Captioned web image data:

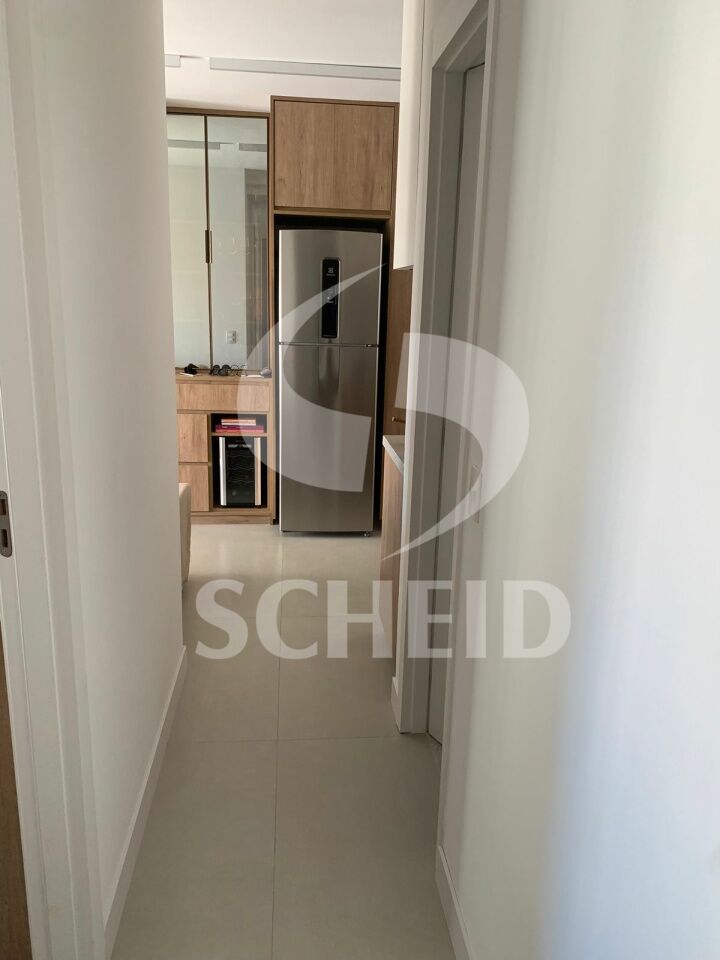 Foto 31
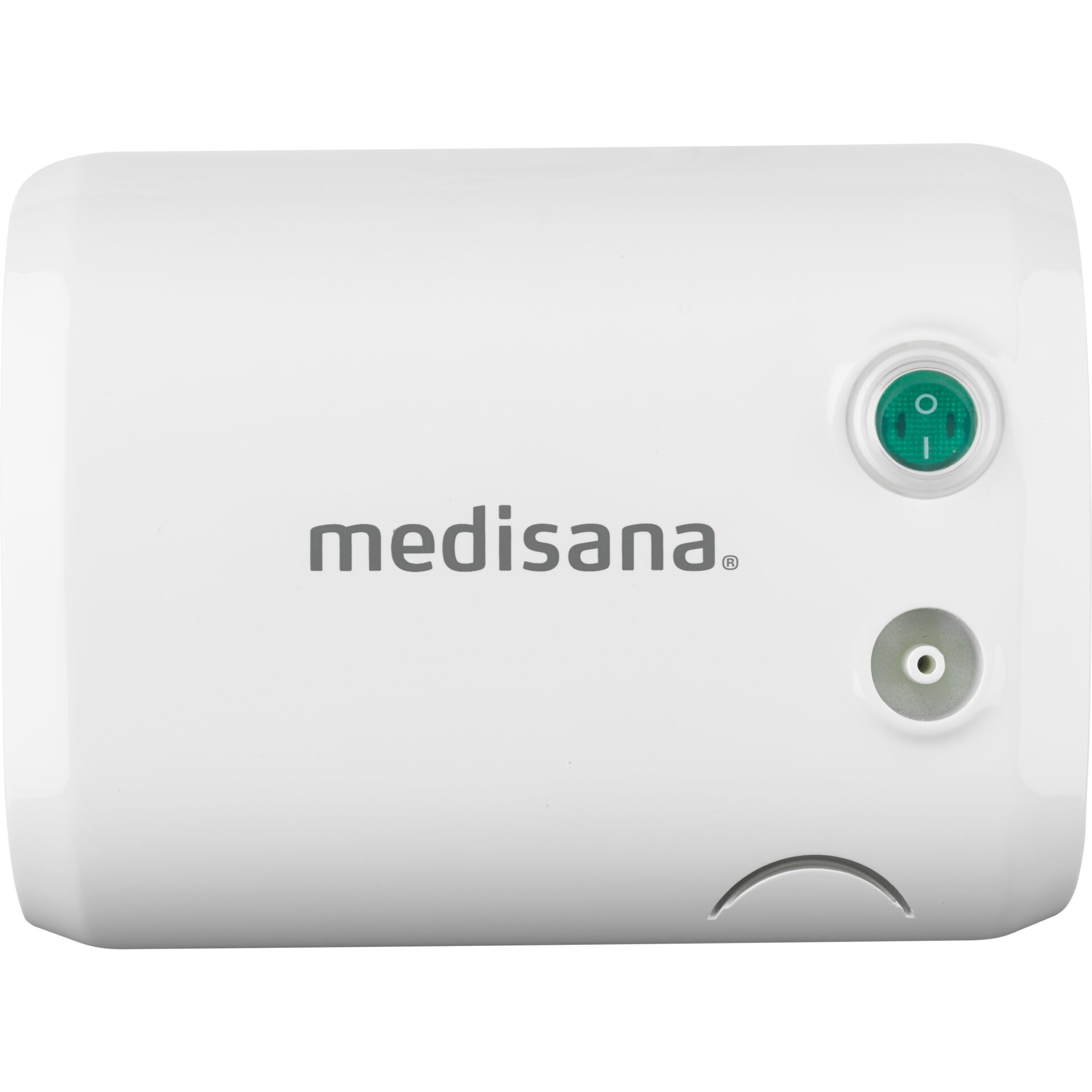 Medisana IN 510 Inhalator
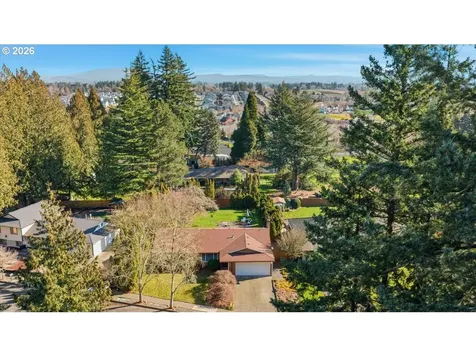 2314 SE Keller Avenue Gresham OR 97080
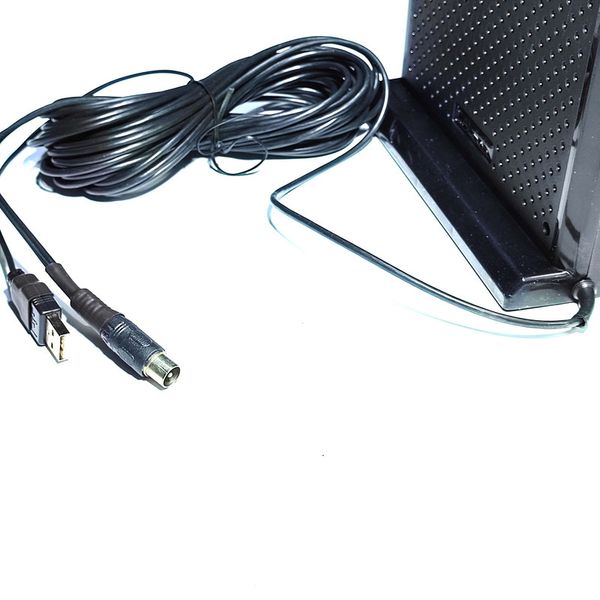 آنتن رومیزی فروزش مدل 10M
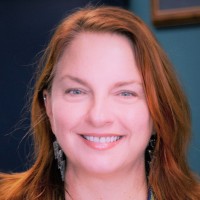 Theresa Joyce
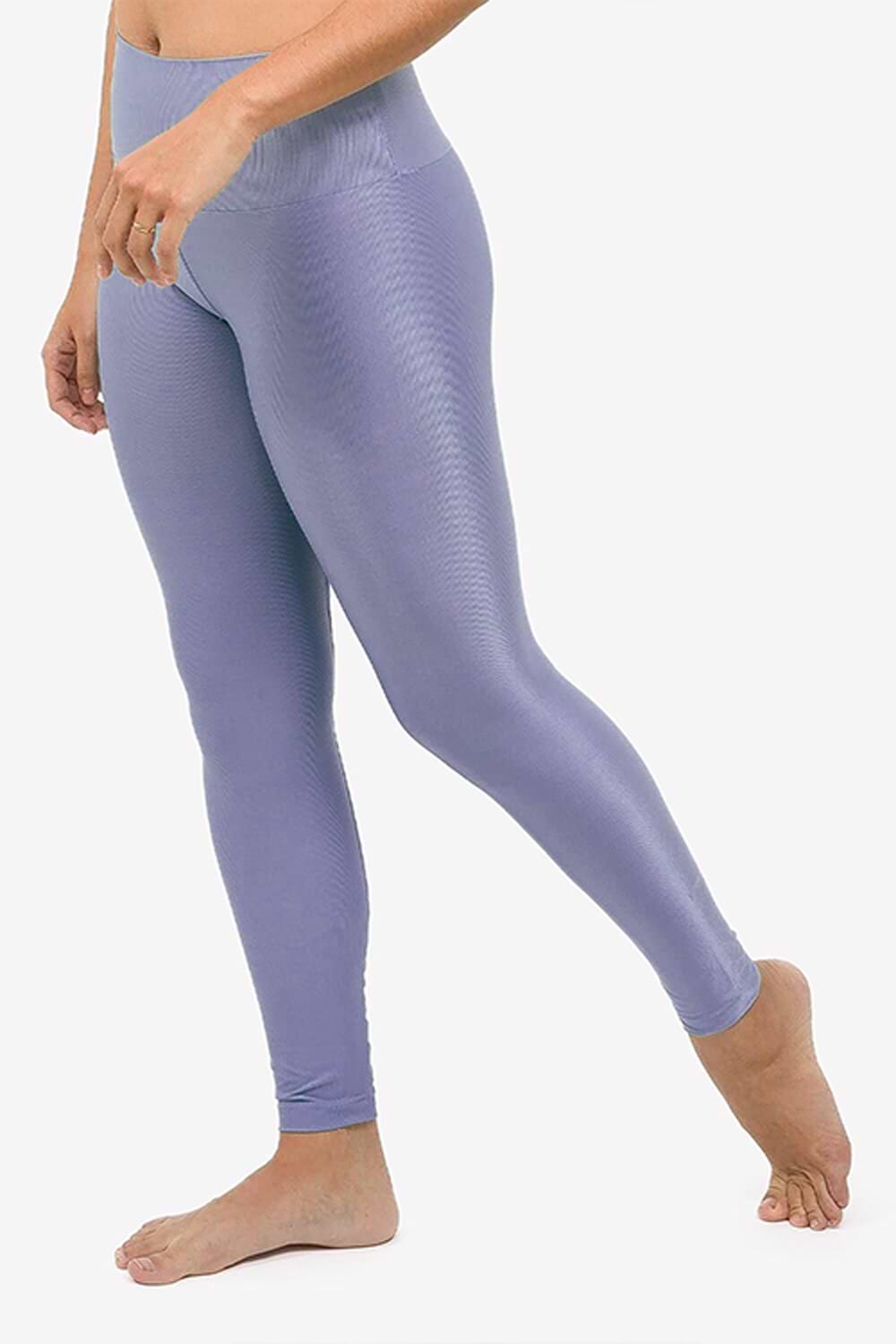 legging-space-shine-yogateria-lavanda-01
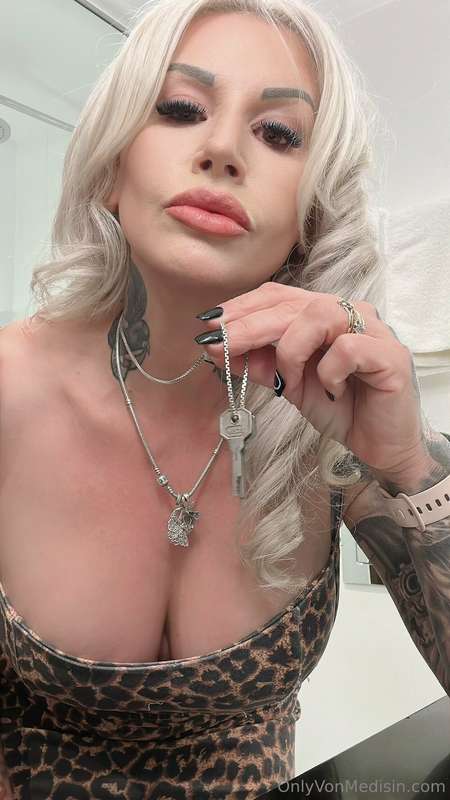 media
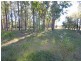 Lot 101 Mahogany Drive, Gulmarrad NSW 2463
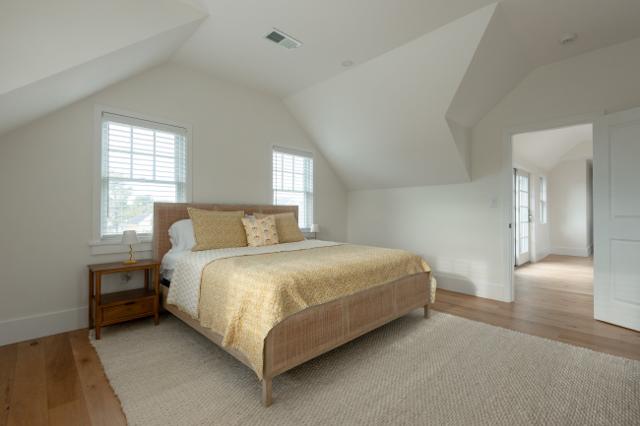 2 Fawn Lane photo 26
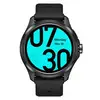 Умные часы Mobvoi TicWatch Pro 5, Global version, черный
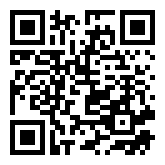 Work a worm  QR Code Download Image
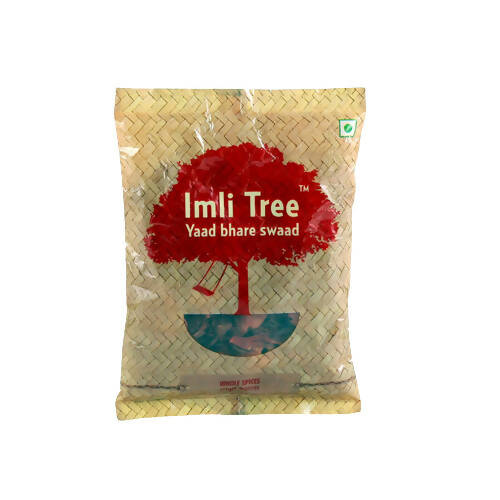 https://cdn.shopify.com/s/files/1/1857/6931/products/TefQi8NH2O.jpg?v=1665035290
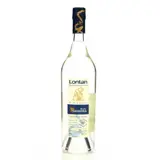 Savanna Lontan Grand Arome Blanc 60th Anniversary LMDW 70cl bottle — view 1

PROMPT: Reproduce only the lines between the line with "Medisana IN 510 Inhalator" and the final line of the records, both included, so that the copy matches them exactly and contains no pictures.

RESPONSE TO THIS EXERCISE:
 Medisana IN 510 Inhalator
 2314 SE Keller Avenue Gresham OR 97080
 آنتن رومیزی فروزش مدل 10M
 Theresa Joyce
 legging-space-shine-yogateria-lavanda-01
 media
 Lot 101 Mahogany Drive, Gulmarrad NSW 2463
 2 Fawn Lane photo 26
 Умные часы Mobvoi TicWatch Pro 5, Global version, черный
 Work a worm  QR Code Download Image
 https://cdn.shopify.com/s/files/1/1857/6931/products/TefQi8NH2O.jpg?v=1665035290
 Savanna Lontan Grand Arome Blanc 60th Anniversary LMDW 70cl bottle — view 1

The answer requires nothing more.